TYGA Performance Paint Scheme
Have you ever wondered how paint schemes are designed on motorcycles? Most people take it for granted that bikes are available in the showroom in great color schemes which enhance the bike's looks. Unfortunately, it is not that simple and it is not until you start to designing a paint scheme from scratch that you realize there is a lot more to it than a few lines and colors. This is the story of the TYGA Performance color scheme.
So where do you start? In our case we started with the knowledge that we wanted to use our corporate colors and have a scheme which displayed our bodywork to its full. It had to be simple but instantly recognizable and easy to apply to different models. So we had something to work on. Now how to go about it....
I don't know if this is the correct way, but we went out and bought ourselves some big cans of emulsion paint, some brushes and some masking tape. The paint dried quickly so we were able to apply it and then repaint again and again in one sitting. The finish was very textured but it enabled us to see what a scheme would look like from all angles, quickly, cheaply and easily. Pictures show one of our early efforts. Other schemes had zig zags and stripes but we eventually after many evenings of emulsion painting came up with the scheme shown below.
We wanted to preserve the sandwich effect of the red and blue with a touch of white in between on our logo. However, we wanted to avoid stripes as being too conventional and stripes can hide the bodywork contours we were trying to promote. We therefore went for swooping triangular and round shapes. We kept the sandwich affect but more subtly
The front was actually one of the hardest parts to get right. It is very challenging to find an idea that doesn't look like another race team or production bike scheme. In the end, we settled on blue with a white under stripe tapering towards the center under the vent. This was echoed on the front part of the seat.
From the rear, the seat cowl design is extended over the tank, where the blue stretches out to full width to match up with the blue on the upper cowl.
The tank was also another difficult area to paint. Some of our early ideas made it look like an old EXUP or YPVS. The final scheme we settled on is a mirror interpretation of the seat cowl but the blue flashes that are on the lower edge of the seat cowl are absent from the tank.
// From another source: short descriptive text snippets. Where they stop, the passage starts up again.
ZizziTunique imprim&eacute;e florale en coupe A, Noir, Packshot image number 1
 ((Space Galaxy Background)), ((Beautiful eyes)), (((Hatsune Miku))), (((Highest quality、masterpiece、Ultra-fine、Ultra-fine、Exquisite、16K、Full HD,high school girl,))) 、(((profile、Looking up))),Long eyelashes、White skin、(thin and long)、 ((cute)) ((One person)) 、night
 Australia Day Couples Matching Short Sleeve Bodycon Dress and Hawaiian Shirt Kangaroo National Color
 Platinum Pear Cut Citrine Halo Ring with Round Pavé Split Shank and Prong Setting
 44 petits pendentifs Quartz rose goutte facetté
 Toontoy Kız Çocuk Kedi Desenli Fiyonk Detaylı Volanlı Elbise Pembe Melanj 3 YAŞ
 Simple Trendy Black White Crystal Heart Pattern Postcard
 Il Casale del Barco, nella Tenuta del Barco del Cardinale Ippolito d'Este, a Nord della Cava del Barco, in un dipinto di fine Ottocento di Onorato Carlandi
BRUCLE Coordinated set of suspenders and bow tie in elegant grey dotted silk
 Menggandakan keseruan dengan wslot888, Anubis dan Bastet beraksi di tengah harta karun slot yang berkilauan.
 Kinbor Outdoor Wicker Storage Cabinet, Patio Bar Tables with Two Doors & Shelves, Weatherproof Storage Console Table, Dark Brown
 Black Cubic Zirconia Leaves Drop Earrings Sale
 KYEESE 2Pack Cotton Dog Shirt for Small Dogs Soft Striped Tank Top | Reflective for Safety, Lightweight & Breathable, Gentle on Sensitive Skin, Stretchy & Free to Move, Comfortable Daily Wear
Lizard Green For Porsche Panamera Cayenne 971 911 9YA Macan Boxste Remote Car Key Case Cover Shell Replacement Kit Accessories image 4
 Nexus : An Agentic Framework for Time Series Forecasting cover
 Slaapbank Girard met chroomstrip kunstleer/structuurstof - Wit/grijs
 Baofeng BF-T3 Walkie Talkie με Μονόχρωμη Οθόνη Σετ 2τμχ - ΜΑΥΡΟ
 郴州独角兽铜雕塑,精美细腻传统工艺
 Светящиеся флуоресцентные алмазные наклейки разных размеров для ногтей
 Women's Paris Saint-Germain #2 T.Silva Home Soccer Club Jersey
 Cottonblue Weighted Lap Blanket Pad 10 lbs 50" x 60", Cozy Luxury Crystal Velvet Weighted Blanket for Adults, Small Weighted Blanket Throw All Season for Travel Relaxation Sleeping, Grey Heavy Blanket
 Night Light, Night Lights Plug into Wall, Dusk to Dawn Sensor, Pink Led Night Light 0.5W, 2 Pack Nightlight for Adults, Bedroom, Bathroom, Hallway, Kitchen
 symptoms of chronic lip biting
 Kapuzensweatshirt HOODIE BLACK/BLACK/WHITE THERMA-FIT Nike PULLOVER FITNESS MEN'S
Graphics on our NRS are kept to a minimum. We need to provide a decent size canvas for sub-sponsors and for racing numbers. The TYGA logo is very visible even from 50 metres away and should be instantly recognisable in a race.
We have applied a TYGA sticker to the tank but the jury is out on that one. Sometimes less is more!
Once we had settled on the paint scheme, we then had to choose the paint. After the first couple of sets, we have settled on candy blue with a bright solid red over a white pearl. Wheels are either white pearl or black as shown on the NRS.